# Second-Order Equations and Eigenvectors

1. Nov 30, 2011

### tatianaiistb

1. The problem statement, all variables and given/known data

Convert y"=0 to a first-order system du/dt=Au

d/dt [y y']T = [y' 0]T = [0 1; 0 0] [y y']T

This 2x2 matrix A has only one eigenvector and cannot be diagonalized.
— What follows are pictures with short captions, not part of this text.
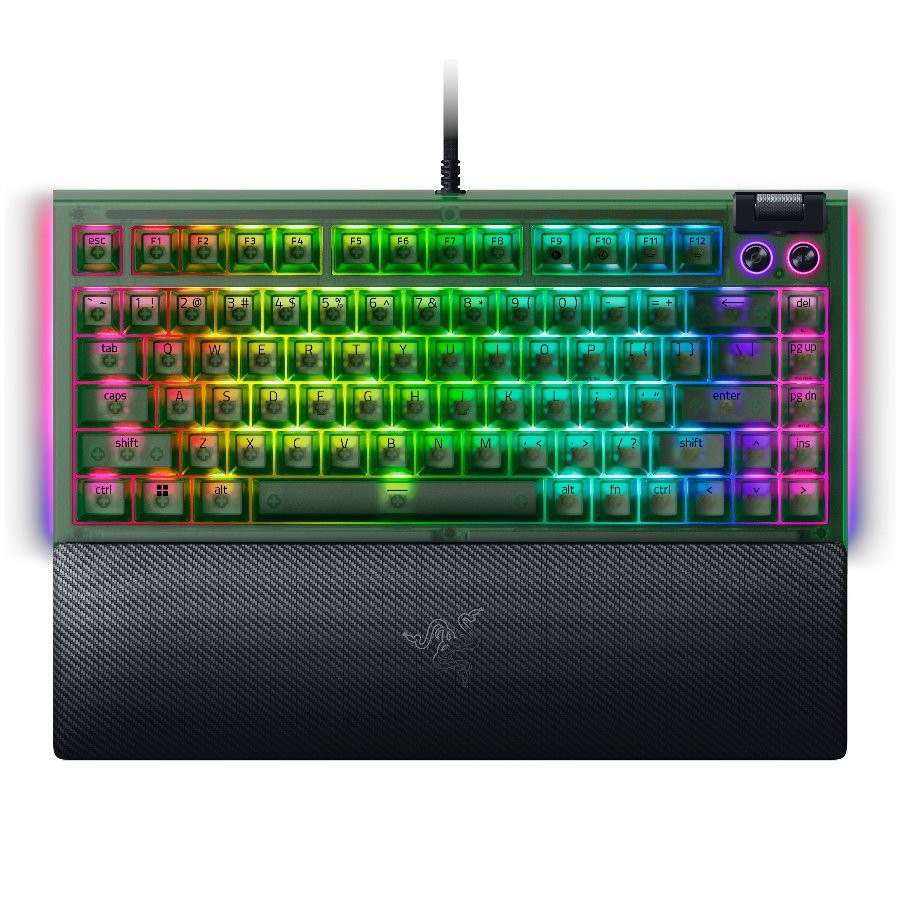Механична гейминг клавиатура Razer BlackWidow V4 75%, 75% механична, USB тип C, Razer Chroma RGB, 8000Hz, Phantom Green - RZ03-05003300-R3M1 - 1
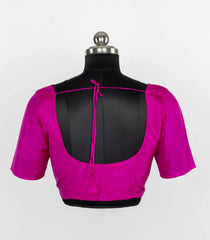 Pink Readymade Plain Silk Blouse With Elbow Sleeve-RB5257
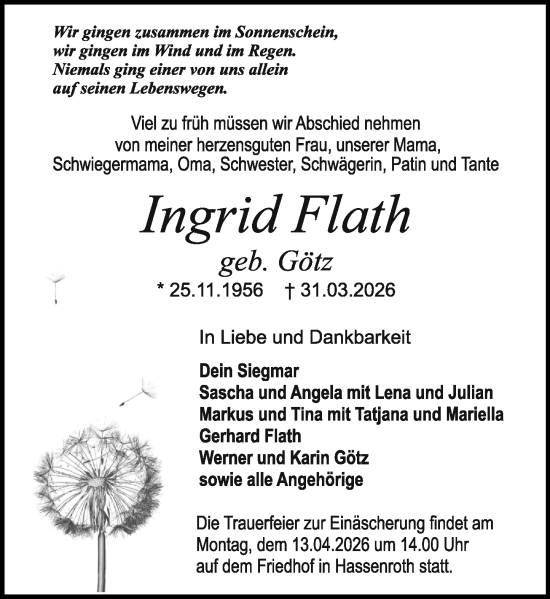 Traueranzeige von Ingrid Flath von Odenwälder Echo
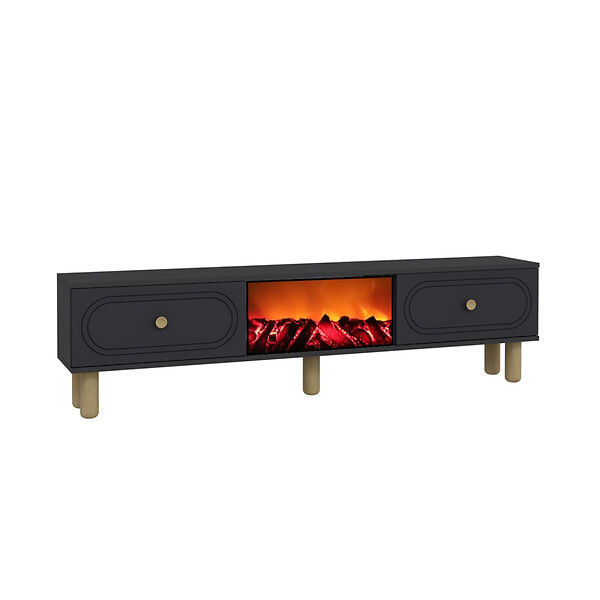 CONCEPT USINE - Meuble TV avec cheminée LED 150cm gris anthracite FYRI - large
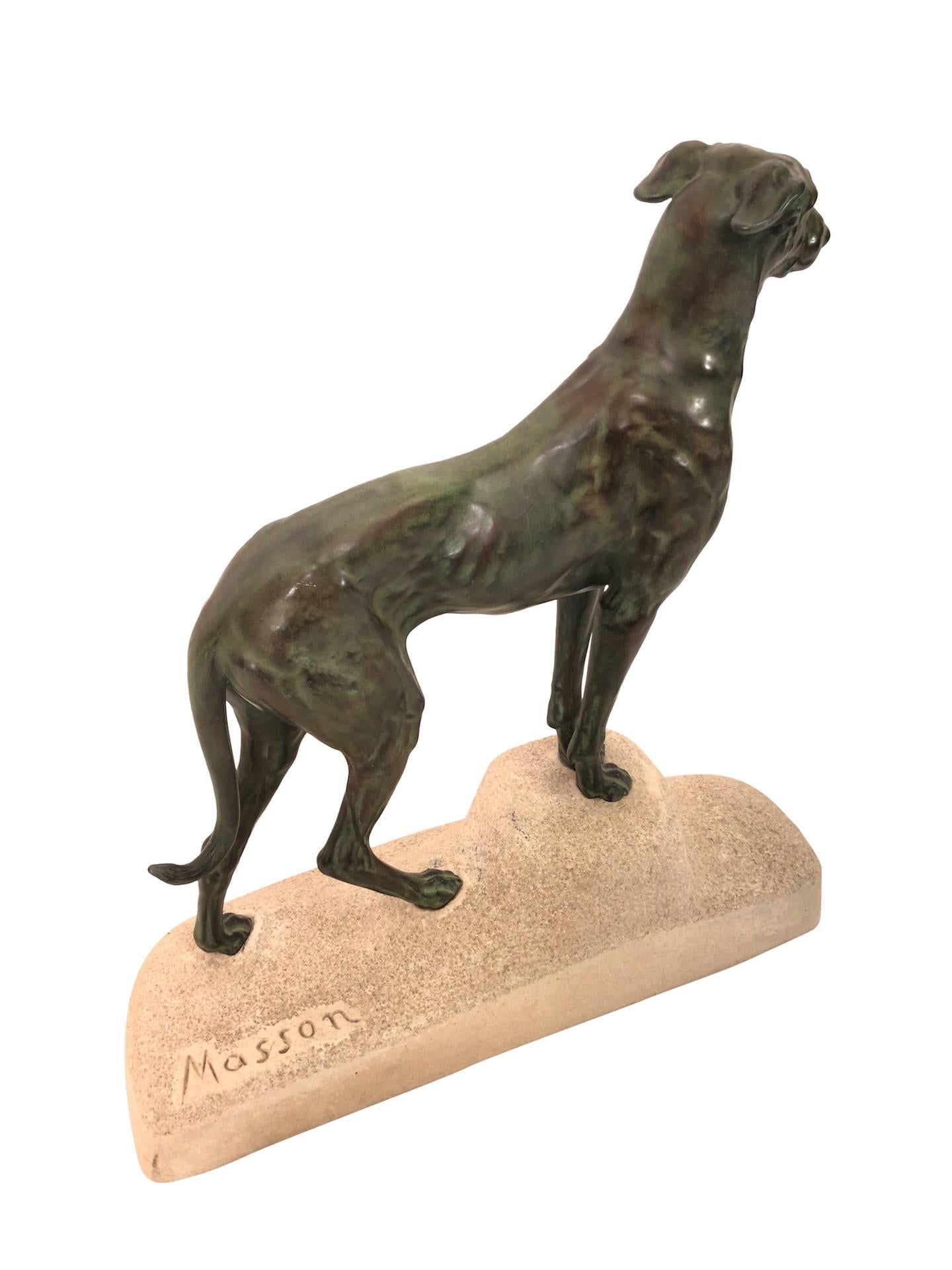French Impressive Max Le Verrier Art Deco Greyhound Sculpture Sloughi by Masson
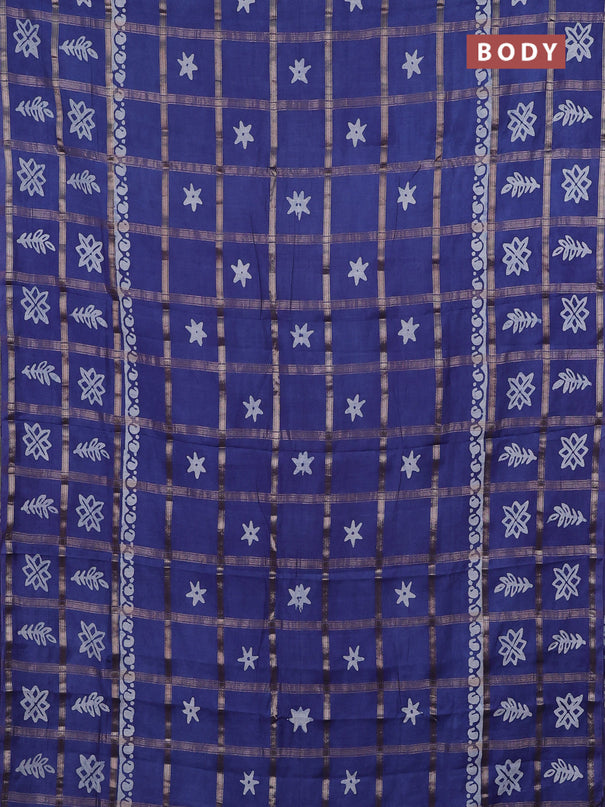 Semi chanderi saree blue with allover zari checks & batik prints in borderless style
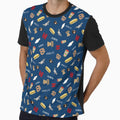 Philly City Pattern Navy T-Shirt - Minimalist Print for Adults - T-Shirt, Sweatshirt, Hoodie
Compute eAt from the series I+At+... and write the solution eAtu(0) starting from y(0)=3, y'(0)=4. Check that your (y, y') satisfies y"=0.

2. Relevant equations

3. The attempt at a solution

So I found eAt to be equal to the matrix
[1 t
0 1].
I found this eAt=I+At where A is the matrix [0 1; 0 0].

I also know that matrix A has eigenvalue 0 with multiplicity 2, and eigenvector [1 0]T.

But from there I'm stuck... Not sure how to get eAtu(0)...

Can anyone help? Thanks in advance!
1. The problem statement, all variables and given/known data

2. Relevant equations

3. The attempt at a solution

2. Nov 30, 2011

### I like Serena

Hi again!

How is u defined in your problem?

And do you have a relevant equation for solving a linear system of first order differential equations?

3. Nov 30, 2011

### tatianaiistb

That's why I'm so confused... The only information given is the one I stated above exactly as it is worded. And I don't know of any relevant equations for solving this system. :-(

4. Nov 30, 2011

### I like Serena

In your problem statement you write du/dt.
And then you write d/dt [y y']^T.

Are they related?

5. Nov 30, 2011

### tatianaiistb

Nevermind. I think I figured it out. Thanks for the help!!!

6. Nov 30, 2011

### I like Serena

Ok.
(Did you find your relevant equation?)